During Saturday’s third-round coverage of the PGA Tour‘s Wyndham Championship from Greensboro, NC, CBS analyst Ian Baker-Finch called Brandon Wu’s hole-out eagle.
It was a surprising moment, occurring as the broadcast came back from a playing-through side-by-side shot during a commercial break. Seeing a shot like that live, from one of the tournament leaders no less, is always a fun moment for coverage, and the percentage odds of that kind of thing happening are such that broadcasters can’t possibly prepare for it. (Unlike, say, a shot that the broadcast already knows is going in; this wasn’t a “Just a moment ago…” situation.)
Baker-Finch called Wu’s eagle in one of the most awkward ways possible: by working in a coded conservative catchphrase. (Here’s a link to the clip, in case the tweet below gets taken down by CBS or the PGA Tour.)
The CBS broadcast going with "Let's go Brandon!" is just fantastic stuff. pic.twitter.com/SPqpZHcyhu
— Jay Rigdon (@jayrigdon5) August 6, 2022
If you’re somehow unaware, “Let’s Go Brandon” became a flash phrase last year, standing in for, essentially, “F*ck Joe Biden,” in the wake of a moment captured during a NASCAR broadcast, of all things. Here’s more on that from an Oct. 30, 2021 piece on the growth of the phrase from Colleen Long of The Associated Press, titled “How ‘Let’s Go Brandon’ became code for insulting Joe Biden”:
It started at an Oct. 2 NASCAR race at the Talladega Superspeedway in Alabama. Brandon Brown, a 28-year-old driver, had won his first Xfinity Series and was being interviewed by an NBC Sports reporter. The crowd behind him was chanting something at first difficult to make out. The reporter suggested they were chanting “Let’s go, Brandon” to cheer the driver. But it became increasingly clear they were saying: “F—- Joe Biden.”
NASCAR and NBC have since taken steps to limit “ambient crowd noise” during interviews, but it was too late — the phrase already had taken off.
It’s ironic that things are now coming full circle here, with a sports broadcaster on another network clearly going out of his way to use that phrase. For an example of just how prevalent it’s become, let’s look no further than LIV Golf’s event at Trump Bedminster, which saw the crowd chanting it with the former president on the tee.
https://twitter.com/alexbruesewitz/status/1553844592142946304
Having said all of that: the fact that Baker-Finch chose that line does not necessarily mean he’s endorsing the meaning.
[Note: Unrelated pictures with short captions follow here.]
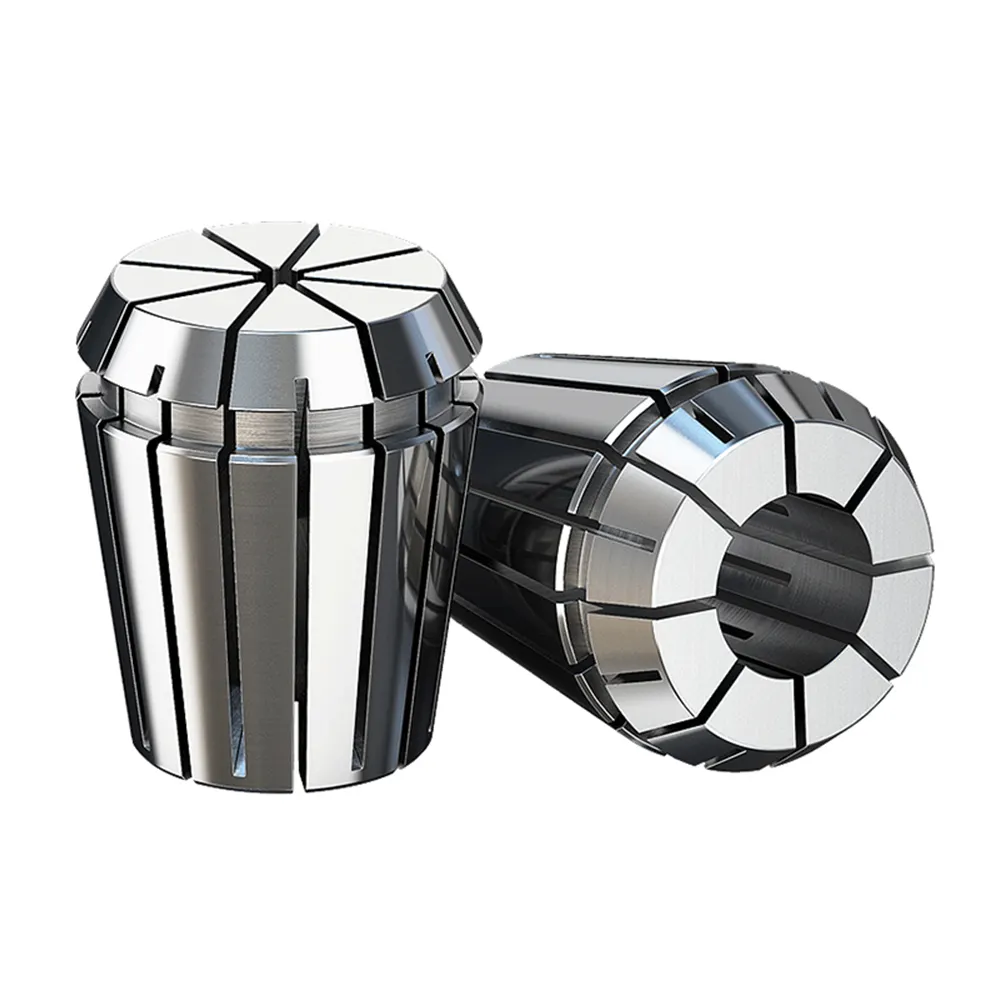 High Precision ER11/ER16/ ER20 /ER25 /ER32 ER Collet With Comfortable Price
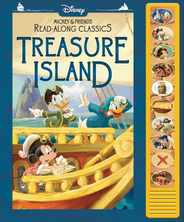 Disney Mickey and Friends: Treasure Island Read-Along Classics Sound Book [With Battery] Subscription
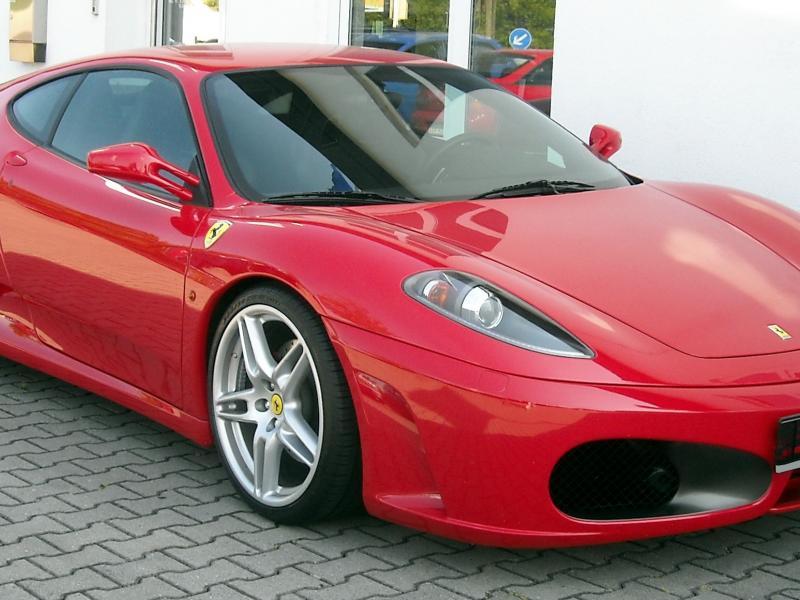 Ferrari F430 - Wikipedia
It doesn’t really matter if he did or didn’t, though. But let’s say for argument’s sake he didn’t realize what he was saying, and that he simply heard the phrase before (trending on Twitter or in a headline or somewhere else) and did absolutely zero research into what it actually meant before uncorking it when a golfer named Brandon did something noteworthy.
Even with that as the working context: it doesn’t really matter. We’ve covered a lot of moments here before that illustrate how intent isn’t correlated to impact when it comes to word choice. Professional broadcasters get paid to speak words into a microphone on live television. We don’t need to handle them as if they’re high school kids working the school newscast. Ian Baker-Finch might regret the word choice once he bothers to learn what it means (presumably someone told him pretty quickly after the fact) but we can point out when someone fucks up.
This isn’t a call for him to be fired or even punished in any way. (If you’ve read this far hoping for a chance to call me out for trying to #cancel him, I’m sorry to disappoint, and also please find something more productive to do with your time. And also, cancel culture isn’t real.) It’s just noting that when you’re on the air, especially in a position like calling hundreds of hours of network sports every year, you can’t just wing it. Choosing a charged phrase like that one puts Baker-Finch in some troubling company, and it also distracts from the event itself.
But, hey, use a few more phrases like that and maybe Baker-Finch will be in line for a big money offer from LIV. He wouldn’t be the first longtime CBS analyst to make that jump.